Test script for the DataHub dataset governance validator using ASYNC_BATCH mode.
This script tests both valid and invalid datasets to prove the validator works.
"""
import json
from datahub.emitter.rest_emitter import DataHubRestEmitter
from datahub.emitter.mcp import MetadataChangeProposalWrapper
from datahub.metadata.schema_classes import (
DatasetPropertiesClass,
OwnershipClass,
OwnerClass,
OwnershipTypeClass,
GlobalTagsClass,
TagAssociationClass,
DomainsClass
)
from datahub.metadata.com.linkedin.pegasus2avro.common import AuditStamp
from datahub.utilities.urns.urn import Urn
# DataHub connection config
GMS_SERVER = "http://localhost:8080"
DATAHUB_TOKEN = "<omitted>"
def create_emitter():
"""Create DataHub REST emitter."""
return DataHubRestEmitter(gms_server=GMS_SERVER, token=DATAHUB_TOKEN)
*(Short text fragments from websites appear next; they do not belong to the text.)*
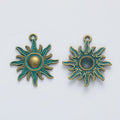 Radiant Sun Metal Pendant Charms in 7 Distinct Finishes view 6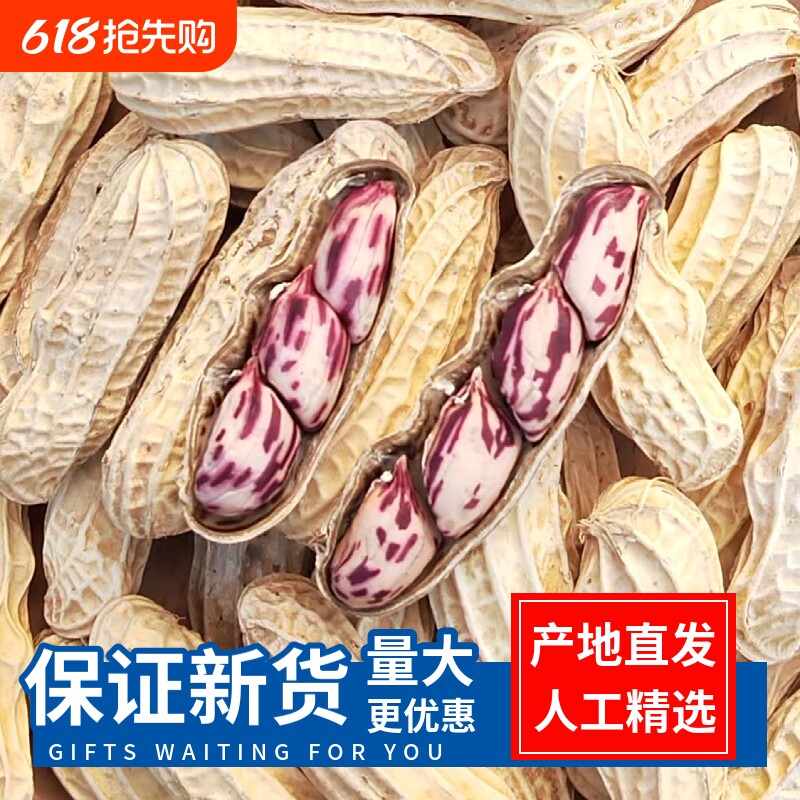 七彩花生2025年新云南特产旗舰店新鲜晒干带壳生熟花生米健康特色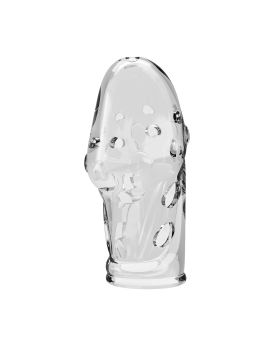 Прозрачная насадка на пенис Booker - 8 см.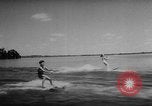 Image of water ski show Florida United States USA, 1957, second 25 stock footage video 65675056228
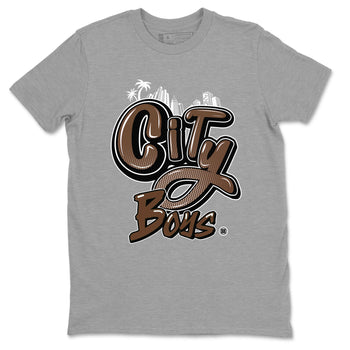 AF1 Chocolate shirt to match jordans City Boys sneaker tees Air Force 1 Chocolate SNRT Sneaker Release Tees Cotton Sneaker Tee Heather Grey 2 T-Shirt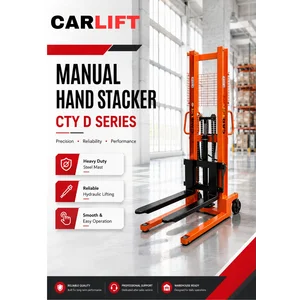 Hand Stacker Manual - Forklift Manual CTY E 2.0/1.0T CARLIFT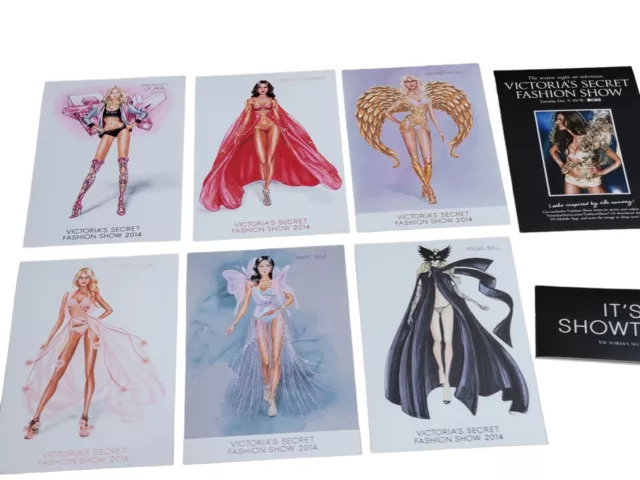 Victoria Secret 2014 Fashion Show Runway Model Cards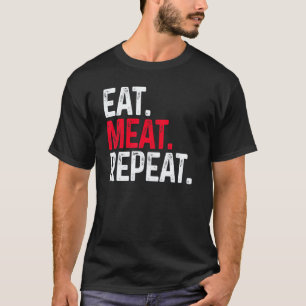 Iss Fleisch Nicht Vegan Fleischesser T-Shirt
def test_invalid_logical_dataset():
"""Test ingestion with invalid logical dataset (missing governance) - should FAIL."""
print("🔥 Testing INVALID LOGICAL dataset (missing governance metadata)...")
emitter = create_emitter()
dataset_urn = "urn:li:dataset:(urn:li:dataPlatform:logical,invalid_logical_dataset,PROD)"
# Create MCP with only dataset properties (missing ownership, tags, domain)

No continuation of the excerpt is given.